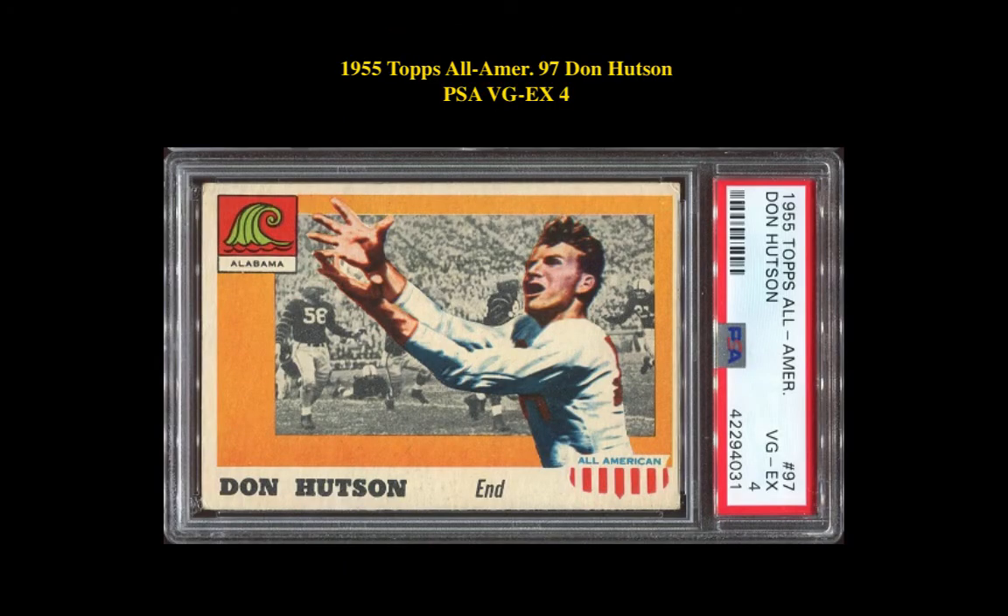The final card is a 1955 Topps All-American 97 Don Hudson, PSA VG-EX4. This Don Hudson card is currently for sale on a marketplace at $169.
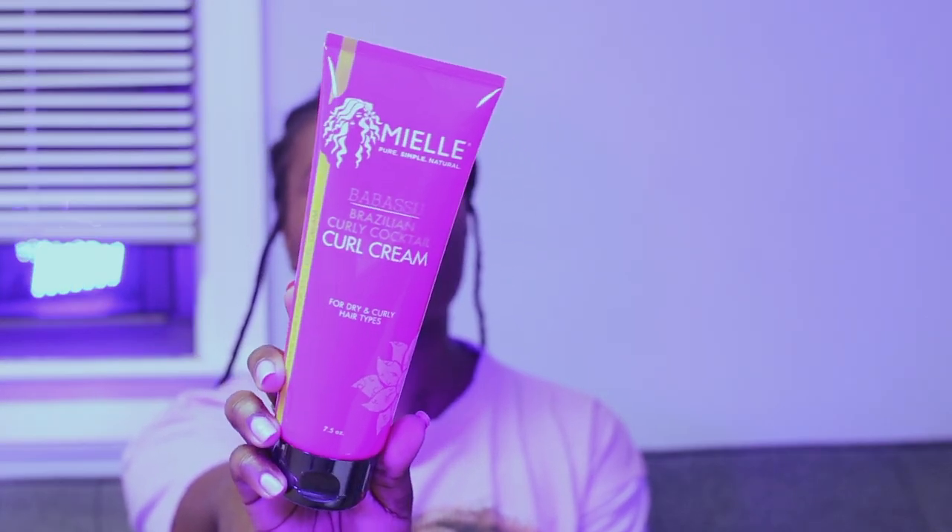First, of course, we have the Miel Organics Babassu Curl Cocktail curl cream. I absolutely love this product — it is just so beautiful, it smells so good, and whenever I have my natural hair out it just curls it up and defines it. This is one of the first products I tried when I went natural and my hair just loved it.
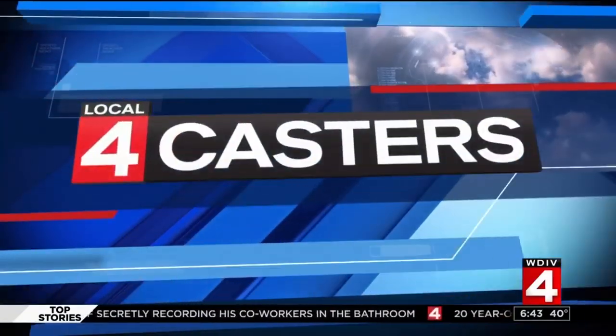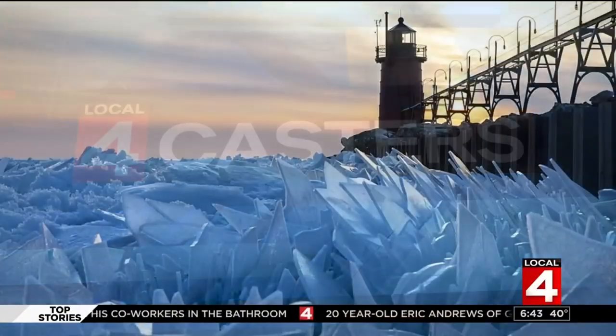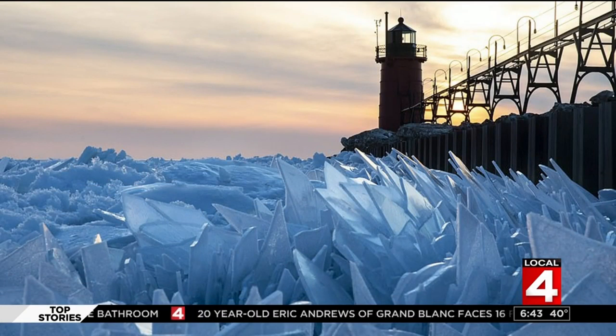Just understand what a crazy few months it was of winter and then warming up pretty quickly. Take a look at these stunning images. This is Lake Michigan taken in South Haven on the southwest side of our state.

========================

• **THE PROBLEM**:
Only the pictures are to be left out; all other material is to be output exactly.

• **OUTPUT OF THE TASK**:
The final card is a 1955 Topps All-American 97 Don Hudson, PSA VG-EX4. This Don Hudson card is currently for sale on a marketplace at $169.
First, of course, we have the Miel Organics Babassu Curl Cocktail curl cream. I absolutely love this product — it is just so beautiful, it smells so good, and whenever I have my natural hair out it just curls it up and defines it. This is one of the first products I tried when I went natural and my hair just loved it.
Just understand what a crazy few months it was of winter and then warming up pretty quickly. Take a look at these stunning images. This is Lake Michigan taken in South Haven on the southwest side of our state.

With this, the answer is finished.